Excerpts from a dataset
-----

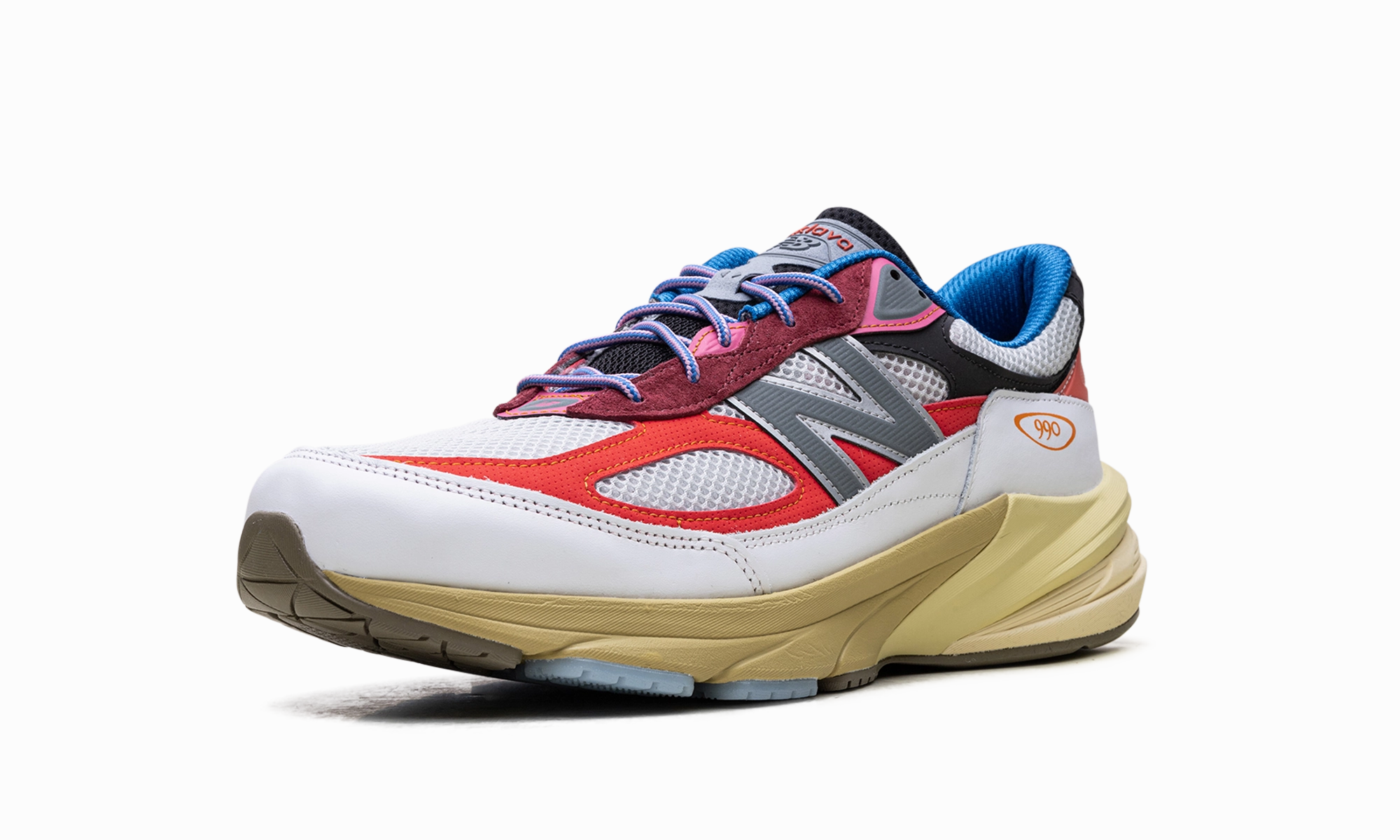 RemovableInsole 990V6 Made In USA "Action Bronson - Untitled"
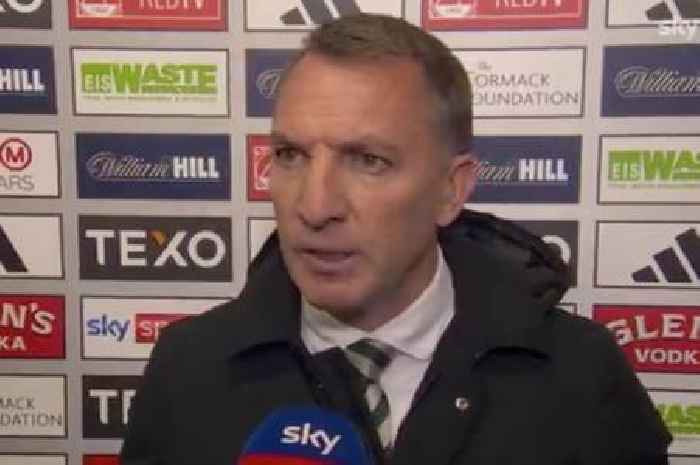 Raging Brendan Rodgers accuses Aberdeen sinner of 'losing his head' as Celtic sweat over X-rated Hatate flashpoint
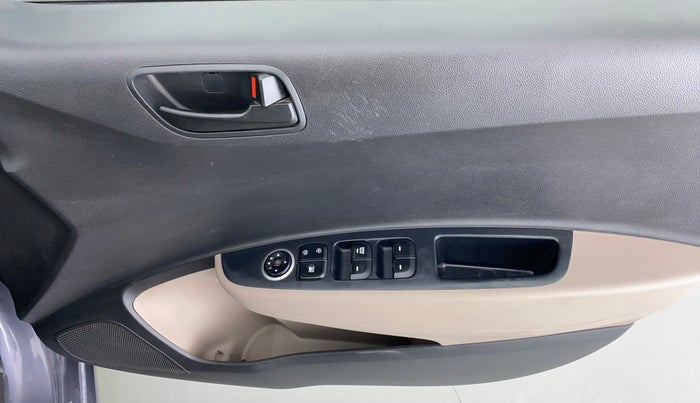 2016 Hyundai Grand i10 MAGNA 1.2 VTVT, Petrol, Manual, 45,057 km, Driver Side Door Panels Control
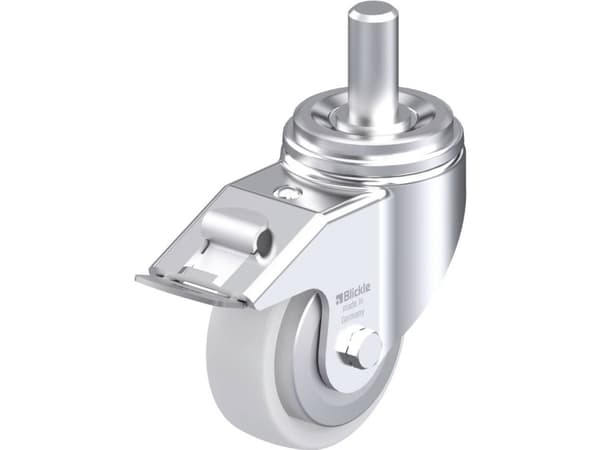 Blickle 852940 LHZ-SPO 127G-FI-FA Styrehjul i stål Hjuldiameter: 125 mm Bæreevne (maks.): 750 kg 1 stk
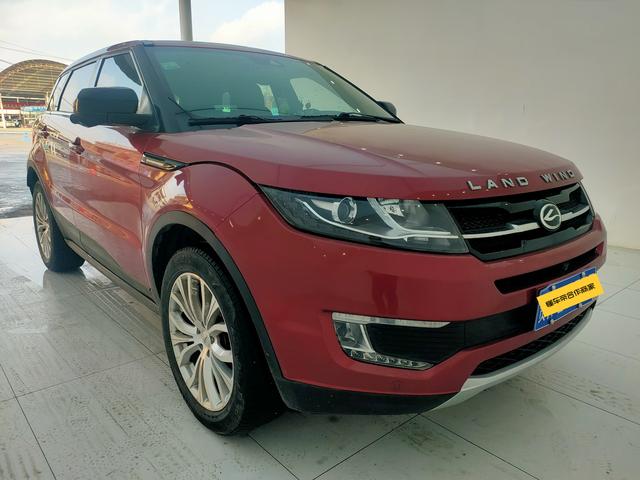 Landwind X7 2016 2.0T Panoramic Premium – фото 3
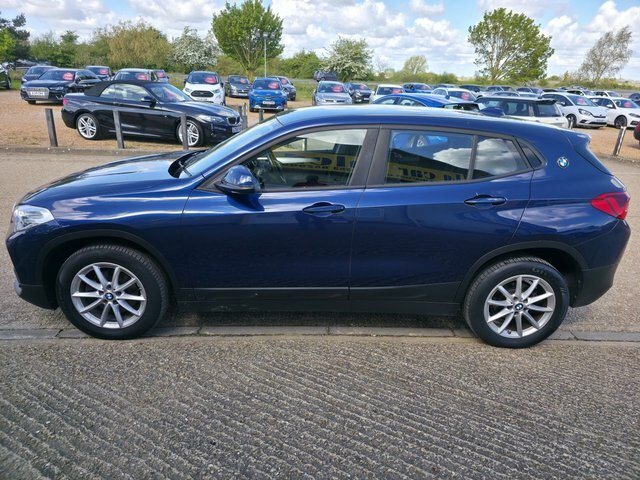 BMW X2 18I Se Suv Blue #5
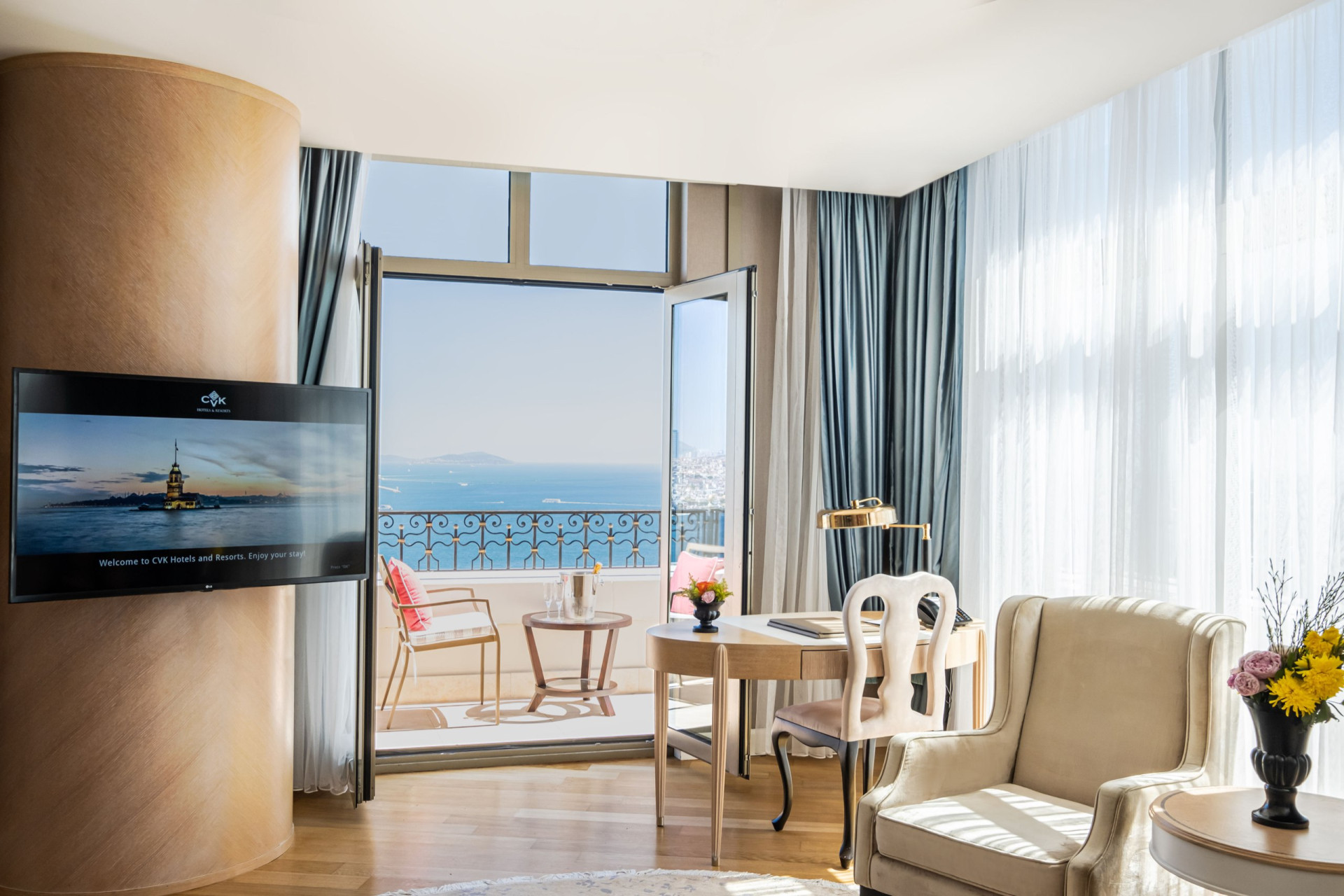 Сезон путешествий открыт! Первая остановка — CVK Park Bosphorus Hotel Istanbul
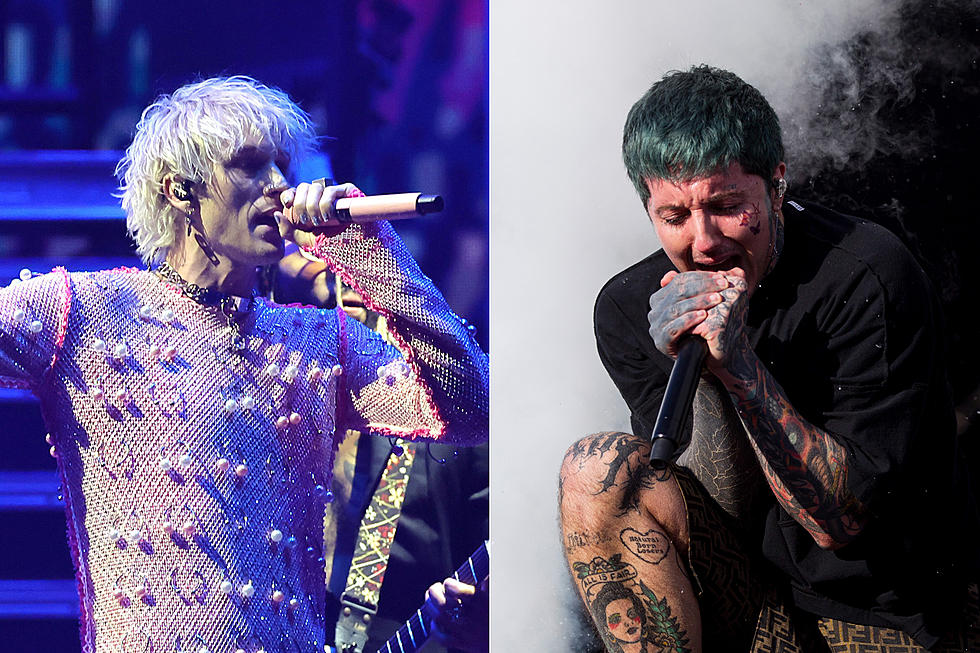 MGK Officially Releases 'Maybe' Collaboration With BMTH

-----

## What is needed
Each record above must be retyped exactly. Omit the pictures.

## Solution for this exercise
 RemovableInsole 990V6 Made In USA "Action Bronson - Untitled"
 Raging Brendan Rodgers accuses Aberdeen sinner of 'losing his head' as Celtic sweat over X-rated Hatate flashpoint
 2016 Hyundai Grand i10 MAGNA 1.2 VTVT, Petrol, Manual, 45,057 km, Driver Side Door Panels Control
 Blickle 852940 LHZ-SPO 127G-FI-FA Styrehjul i stål Hjuldiameter: 125 mm Bæreevne (maks.): 750 kg 1 stk
 Landwind X7 2016 2.0T Panoramic Premium – фото 3
 BMW X2 18I Se Suv Blue #5
 Сезон путешествий открыт! Первая остановка — CVK Park Bosphorus Hotel Istanbul
 MGK Officially Releases 'Maybe' Collaboration With BMTH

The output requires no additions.